The first programme on this strategy is to do with Mother Land. How we going to take care of Mother Land? And that programme includes an amount of projects and one of these projects is the project of demarcation of land and titling of communal property. So we have been working in defining in the territory of the Caribbean Coast, all the land that going to be handled in the model of communal property. This is a model of ownership, traditional among the indigenous and some of the Afro-descendant. We have contemplated in that strategy to demarcate and titles for 22 territories and we have already demarcated 17 territories, and that 17 territories signify more than 22,000 sq km. 22,000 sq km in the hands of the communities – owners of communal property – is more than the whole extension of our neighbour country El Salvador.
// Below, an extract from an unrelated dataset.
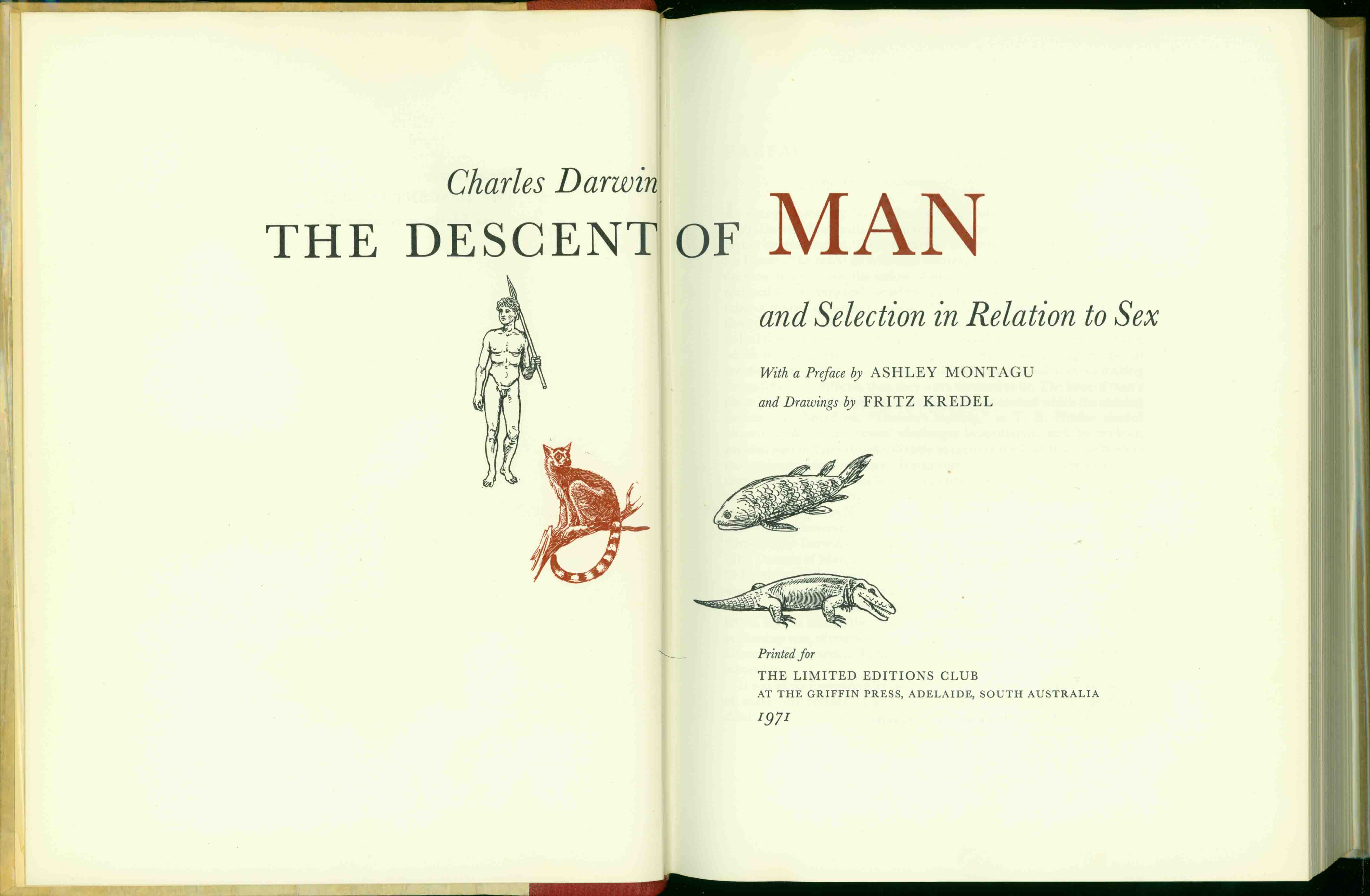 THE DESCENT OF MAN THE DESCENT OF MAN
This is one of the first changes that you can observe, we still have to work more on this. But we are advancing pretty good with this and this is a very significant change. Because this means that our people will never lose the land. We have had a type of ownership that is more according to the mestizo type of ownership that is individual ownership. Well, the individual ownership is not bad but that’s their culture, and the culture of the indigenous and afro-descendant is more in harmony with communal ownership.
There is another programme that is to do with electricity for example. The strategy contemplates carrying electricity to all the communities of the Caribbean Coast. The least of the communities today have energy service, there was just a few communities that had electrical energy service and those few used to have electrical energy service for certain hours during the day. What we are working on right now is to carry electrical energy service to all the communities of the Caribbean Coast, 24 hours. We can’t do this all at the same time. It’s little by little. But we have already advanced with a lot of communities that didn’t even dream that they was going to be enjoying electrical power for 24 hours during the day. There are some that didn’t even dream to have it even one hour during the day and today they have electrical energy service.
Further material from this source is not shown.